StatsD at Shopify

StatsD at Shopify
Here at Shopify, we like data. One of the many tools in our data toolbox is StatsD. We've been using StatsD in production at Shopify for many months now, consistently sending multiple events to our StatsD instance on every request.

What is StatsD good for?

In my experience, there are two things that StatsD really excels at. First, getting a high level overview of some custom piece of data. We use NewRelic to tell us about the performance of our apps. NewRelic provides a great overview of our performance as a whole, even down to which of our controller actions are slowest, and though it has an API for custom instrumentation I've never used it. For custom metrics we're using StatsD.

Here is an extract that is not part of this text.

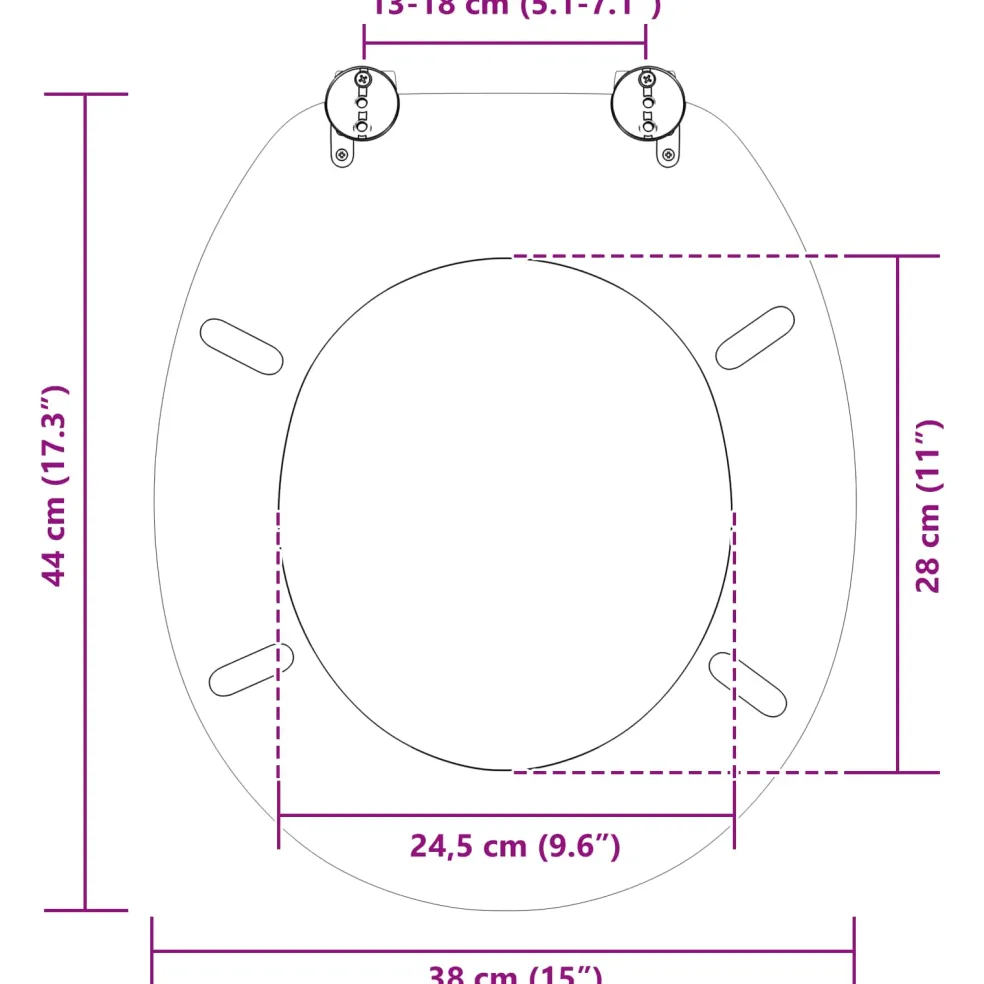 vidaXL Toiletzitting Grijs 44 x 38 cm Bewerkt hout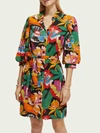Scotch & Soda Floral Puff Sleeve Linen Blend Shirtdress In Multi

We use lots of memcached, and one metric we track with StatsD is cache hits vs. cache misses on our frontend. On every request that hits a cacheable action we send an event to StatsD to record a hit or miss. 

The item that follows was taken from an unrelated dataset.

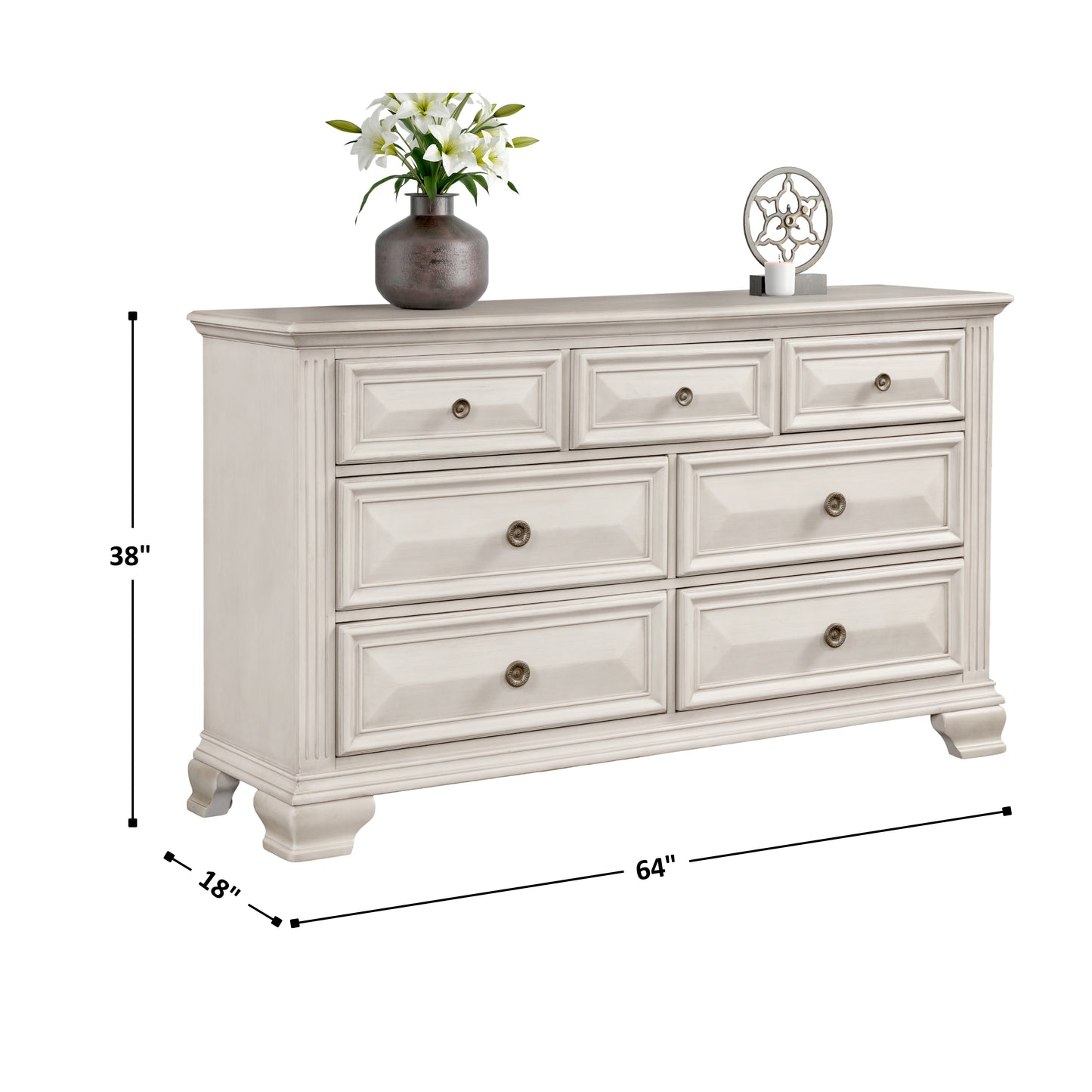 Renova Distressed Parchment 7-Drawer Dresser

Caching Baseline (Green: cache hits, Blue: cache misses)



Note: The graphs in this article were generated by Graphite, the real-time graphing system that StatsD runs on top of.

As an example of how this is useful, we recently added some data to a cache key that wasn't properly converted to a string, so that piece of the key was appearing to be unique far more often than it was. The net result was more cache misses than usual. Looking at our NewRelic data we could see that performance was affected, but it was difficult to see exactly where. The response time from our memcached servers was still good, the response time from the app was still good, but our number of cache misses had doubled, our number of cache hits had halved, and overall user-facing performance was down.

A problem



It wasn't until we looked at our StatsD graphs that we fully understood the problem. Looking at our caching trends over time we could clearly see that on a specific date something was introduced that was affecting caching negatively. With a specific date we were able to track down the git commit and fix the issue. Keeping an eye on our StatsD graphs we immediately saw the behaviour return to the normal trend.

Return to Baseline


The second thing that StatsD excels at is proving assumptions. When we're writing code we're constantly making assumptions. Assumptions about how our web app may be used, assumptions about how often an interaction will be performed, assumptions about how fast a particular operation may be, assumptions about how successful a particular operation may be. Using StatsD it becomes trivial to get real data about this stuff.

For instance, we push a lot of products to Google Product Search on behalf of our customers. There was a point where I was seeing an abnormally high number of failures returned from Google when we were posting these products via their API. My first assumption was that something was wrong at the protocol level and most of our API requests were failing. I could have done some digging around in the database to get an idea of how many failures we were getting, cross referenced with how many products we were trying to publish and how frequently, etc. But using our StatsD client (see below) I was able add a simple success/failure metric to give me a high level overview of the issue. Looking at the graph from StatsD I could see that my assumption was wrong, so I was able to eliminate that line of thinking.

statsd-instrument

We were excited about StatsD as soon as we read Etsy's announcement. We wrote our own client and began using it immediately. Today we're releasing that client. It's been in use in production since then and has been stalwartly collecting data for us. On an average request we're sending ~5 events to StatsD and we don't see a performance hit. We're actually using StatsD to record the raw number of requests we handle over time.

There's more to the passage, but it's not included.